The Country-specific Recommendations are documents prepared by the European Commission for each country, analysing its economic situation and providing recommendations on measures it should adopt over the coming 18 months. They are tailored to the particular issues the Member State is facing and cover a broad range of topics: the state of public finances, reforms of pension systems, measures to create jobs and to fight unemployment, education and innovation challenges, etc. The final adoption of Country-specific Recommendations prepared by the Commission is done at the highest level by national leaders in the European Council.
In 2012, the Swedish economy is expected to slow down as compared to 2011, with a foreseen GDP growth of 0.3%. After positive labour market developments in 2011, unemployment is expected to rise slightly to 7.7% in 2012.

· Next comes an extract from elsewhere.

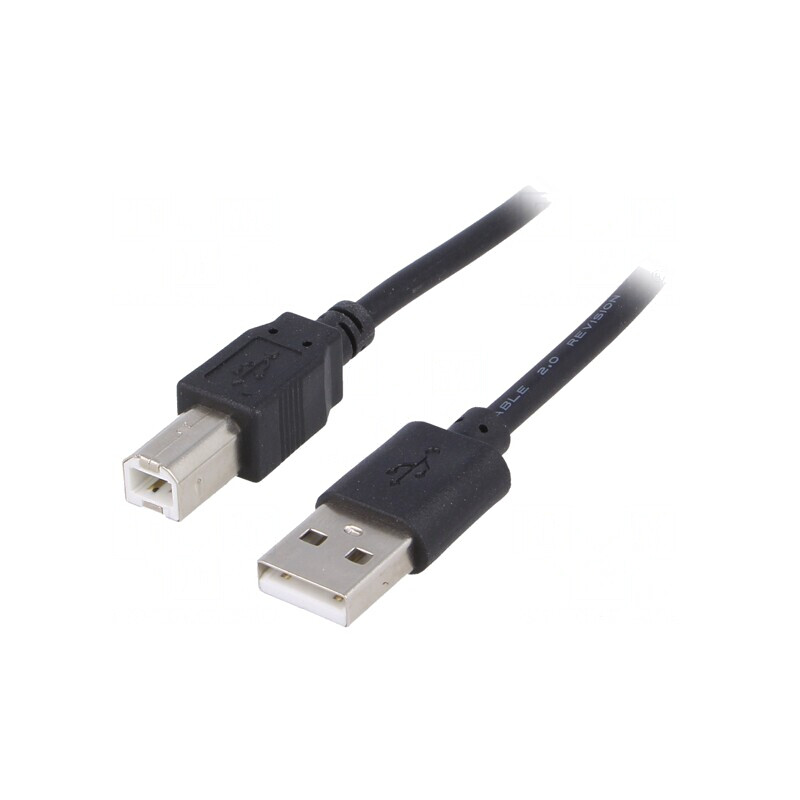 Cablu USB 2.0 A-B 1,8m Negru | Electronic-mag.ro | Componente Electronice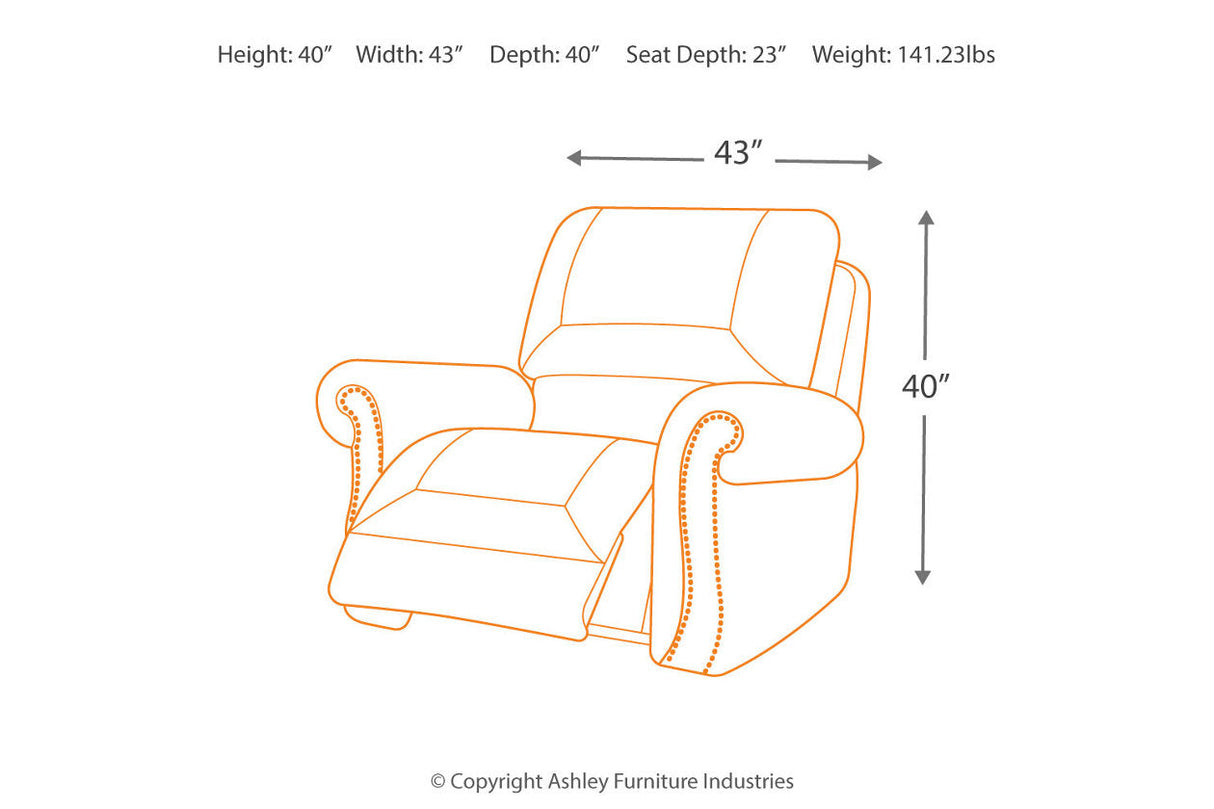 Larkinhurst Earth Sofa and 2 Recliners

The performance of the Swedish economy is overall very good. Since the mid-1990s, Sweden has followed an ambitious agenda of fiscal and structural reform. Most recently, the reform efforts have focused on achieving full employment, ensuring a strong and stable financial sector, improving the functioning of the housing market, reforming the education system, promoting innovative and dynamic businesses and tackling the environmental and climate change issues.
However, several challenges still need to be tackled. Notwithstanding government measures in the area of the labour market integration of vulnerable groups, the unemployment rates of these groups remain high. While the housing market has cooled somewhat since mid-2011, several structural distortions persist that have contributed to house-price volatility in the past. Certain aspects of the Swedish tax system could be made more effective, efficient and growth-enhancing. Moreover, Sweden's competitive position is threatened in the medium term by falling business investment in R&D and inadequate commercialisation of innovative output.